• _Assignment_: Please retype the data in full and exactly; the pictures are not part of the copy.

• _Information shown_:

* * *

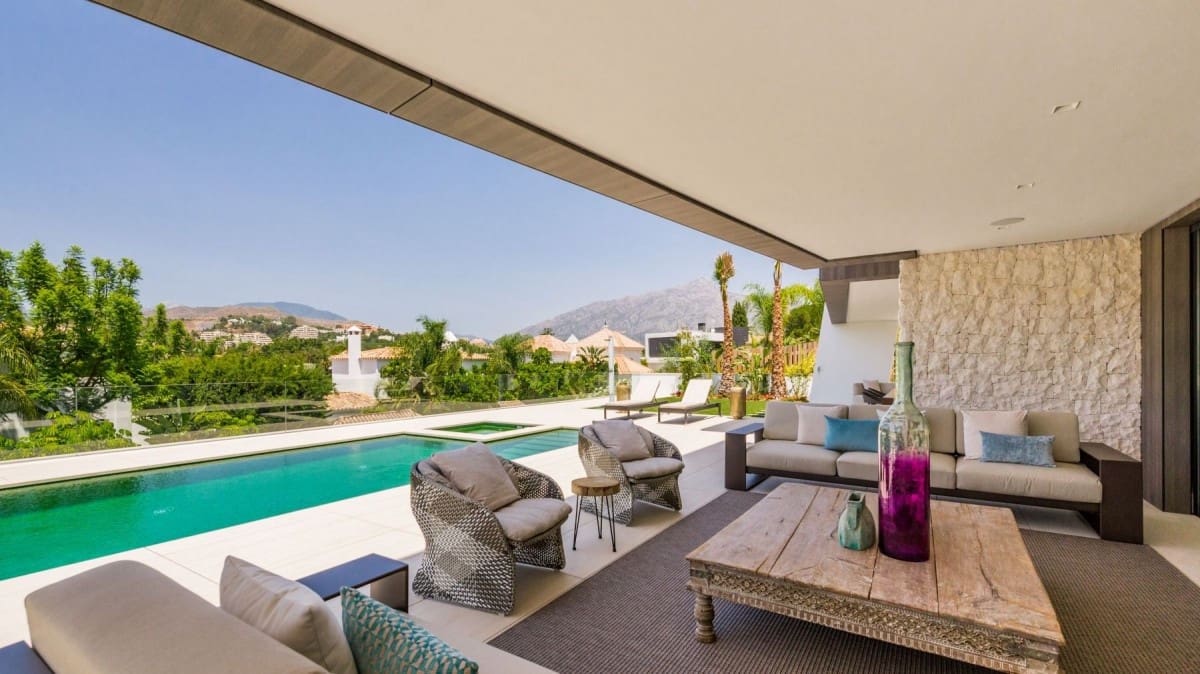 Chalet de 5 habitaciones en Marbella en venta con piscina garaje - 3.500.000 € (Ref: 10001595)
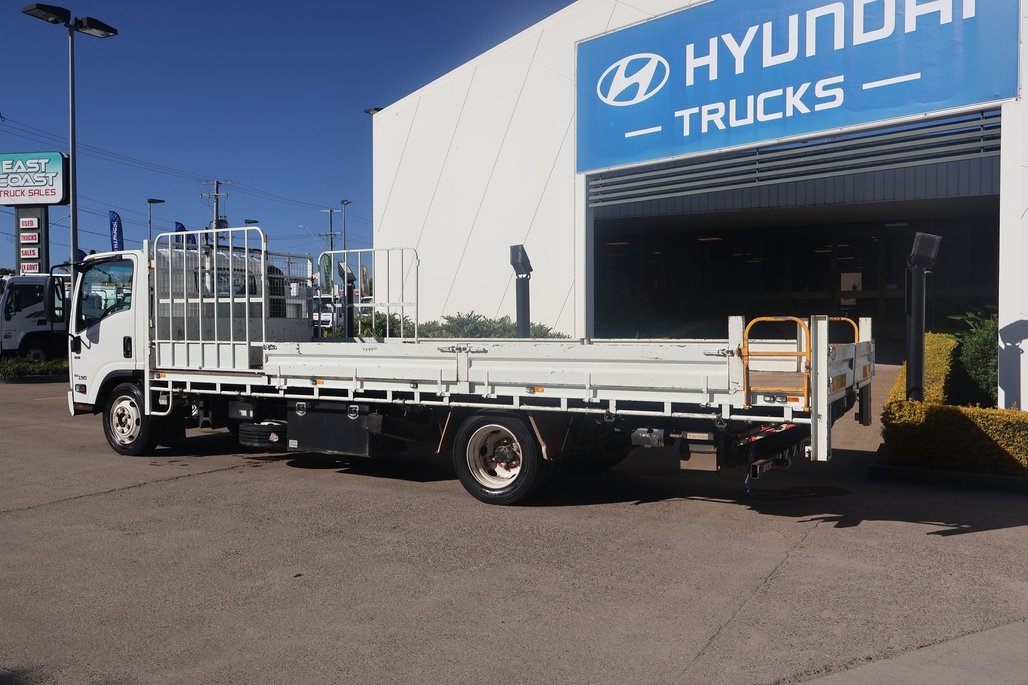 2019 Isuzu Nqr 80-190 image 3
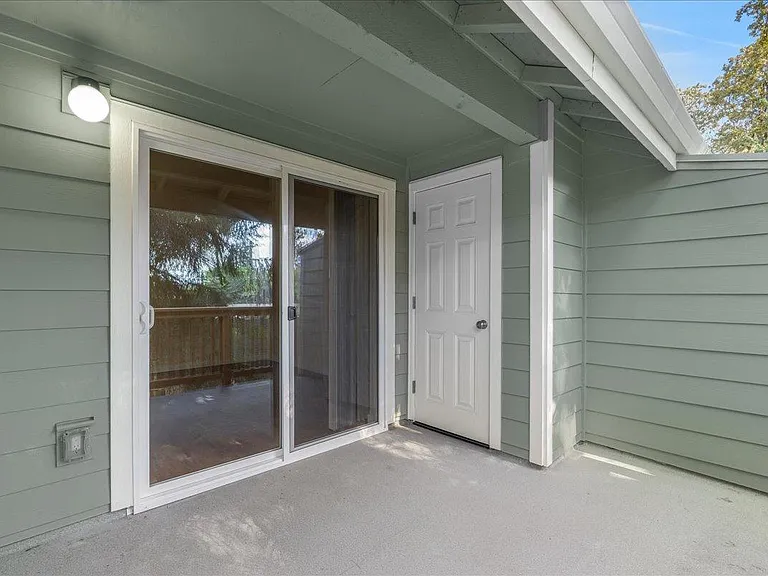 Cascade Woods Apartments — Photo 63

* * *

• _Response box_:
 Chalet de 5 habitaciones en Marbella en venta con piscina garaje - 3.500.000 € (Ref: 10001595)
 2019 Isuzu Nqr 80-190 image 3
 Cascade Woods Apartments — Photo 63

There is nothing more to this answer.